Least squares linear classifier in matlab

user2907583 picture user2907583 · Mar 18, 2014 · Viewed 10.3k times · Source

I'm struggling to understand how to implement a least square linear classifier for my data in matlab. My data has N rows, each row is 10 columns wide. Each row represents a data point with 10 features. There are only two classes, the first N/2 rows of my test data is Class 1 and the rest are Class 2.

All explanations online about least squares make sense, but I'm not able to adapt them to my data, I just need a little bit of conceptual explanation relating to my data and the least square method.

Answer

3lectrologos picture 3lectrologos · Mar 19, 2014

Using least squares for linear classification

The idea of using least squares to create a linear classifier is to define a linear function

f(x) = wTx
and adjust w so that f(x) is close to 1 for your data points of one class and close to -1 for the other class.

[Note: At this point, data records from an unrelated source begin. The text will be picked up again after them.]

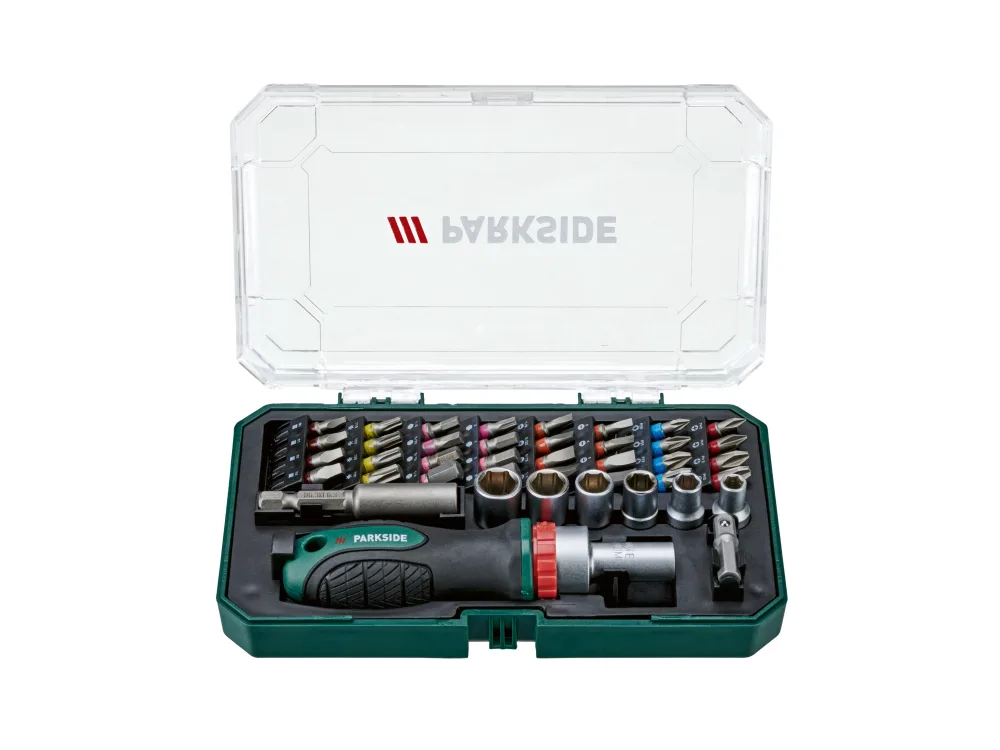 PARKSIDE® Súprava náradia na jemnú mechaniku/kľúčov na vnútorný šesťhran (račňový mini skrutkovač s bitmi)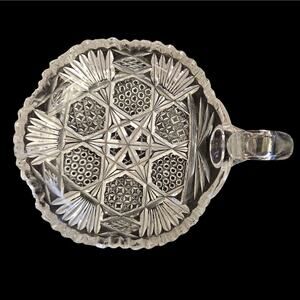 American Brilliant Cut Glass Star & Fan Pattern Handled Nappy Bowl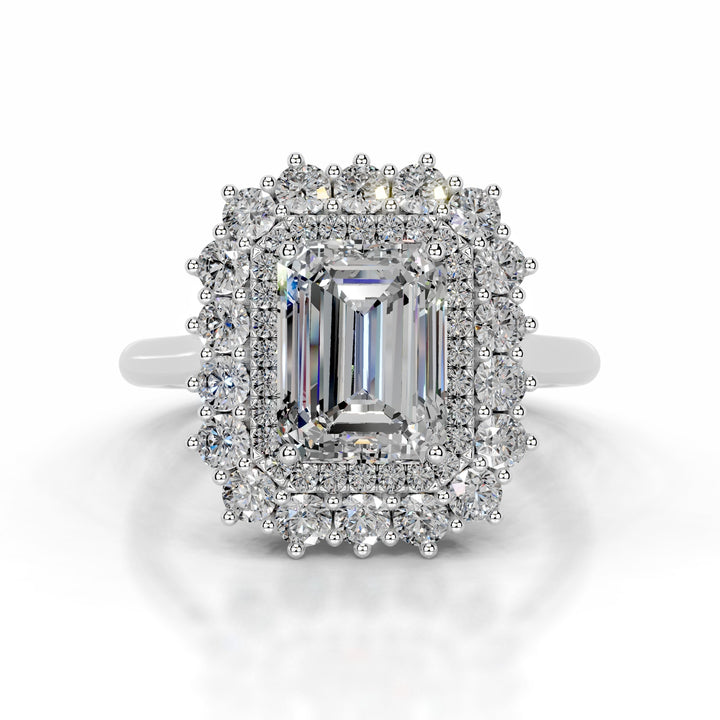 Mirani Moissanite & Diamond Ring 1 Carat 14K White#material_14k-white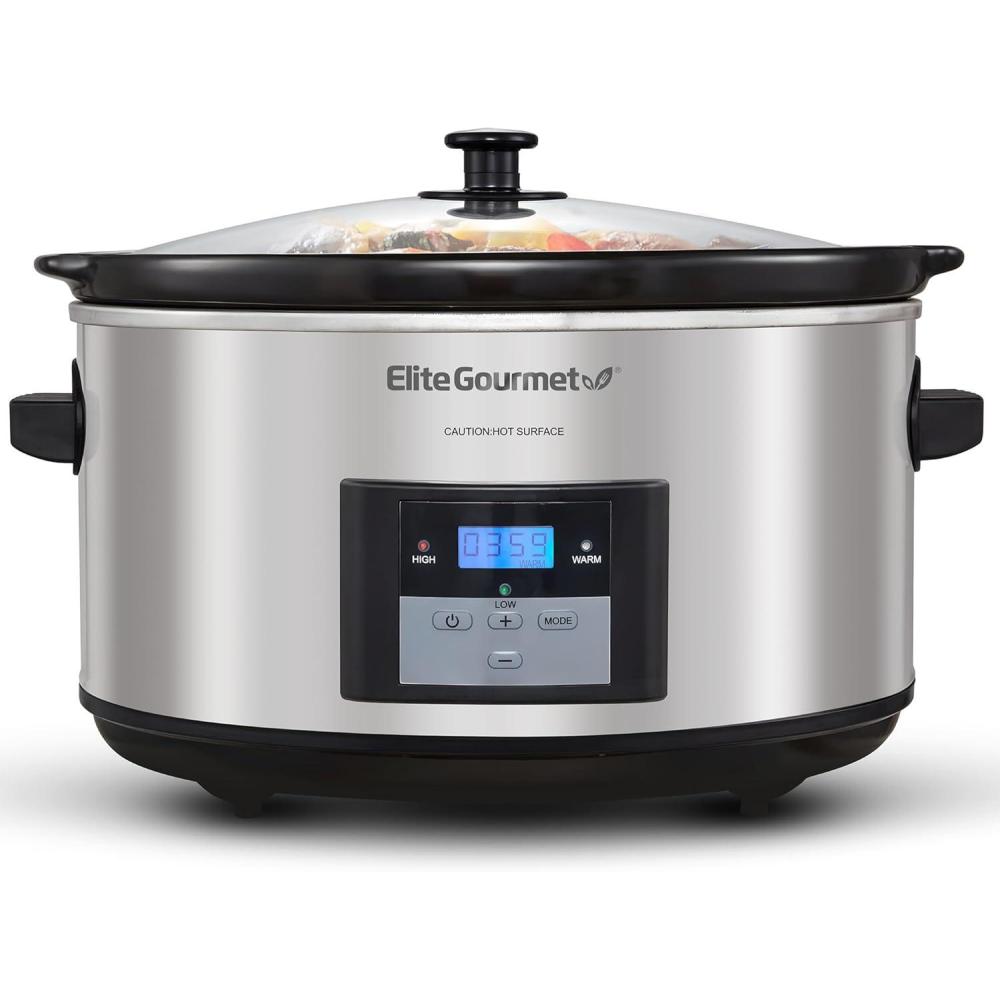 image:imageElite Gourmet Stainless Steel Slow Cooker DishwasherSafe with Tempered Glass Lid CoolTouch Handles Removable Stoneware Pot 85 QuartMST900VStainless SteelBlack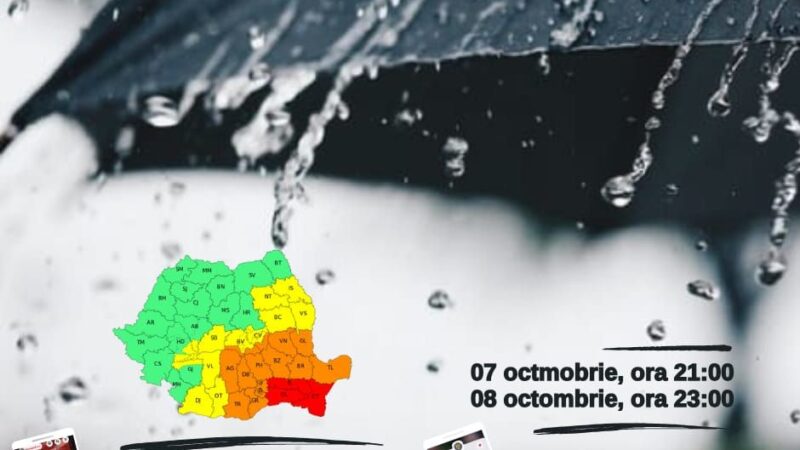 Cod Portocaliu de ploi însemnate cantitativ – recomandări pentru populație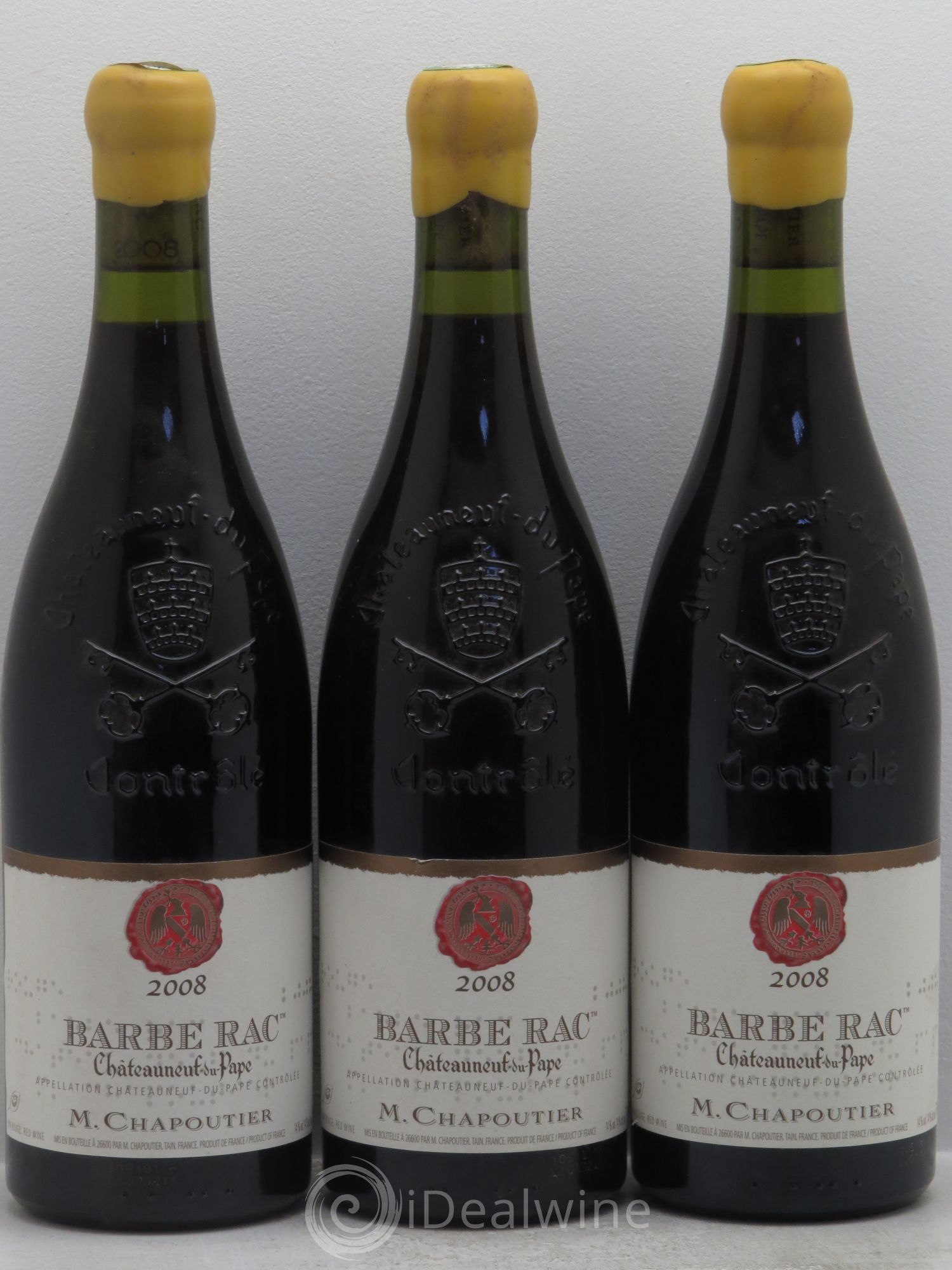 Châteauneuf-du-Pape Barbe Rac Chapoutier 2008 - Lot de 3 bouteilles - 0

The adjustment of w is done by minimizing for each data point the squared distance between f(x) and either 1 or -1, depending on its class.

Two-dimensional Matlab example

% Create a two-cluster data set with 100 points in each cluster
N = 100;
X1 = 0.3*bsxfun(@plus, randn(N, 2), [6 6]);
X2 = 0.6*bsxfun(@plus, randn(N, 2), [-2 -1]);

% Create a 200 by 3 data matrix similar to the one you have
% (see note below why 200 by 3 and not 200 by 2)
X = [[X1; X2] ones(2*N, 1)];

% Create 200 by 1 vector containing 1 for each point in the first cluster
% and -1 for each point in the second cluster
b = [ones(N, 1); -ones(N, 1)]

% Solve least squares problem
z = lsqlin(X, b);

% Plot data points and linear separator found above
y = -z(3)/z(2) - (z(1)/z(2))*x;
hold on;
plot(X(:, 1), X(:, 2), 'bx'); xlim([-3 3]); ylim([-3 3]);
plot(x, y, 'r');

Linear separator found by linear least squares

Note on extra column in data matrix

I have added an additional column of ones to the data matrix in order to allow for a shift of the separator, thus making it a little more versatile. If you don't do this, you force the separator to pass through the origin, which will more often than not result in worse classification results.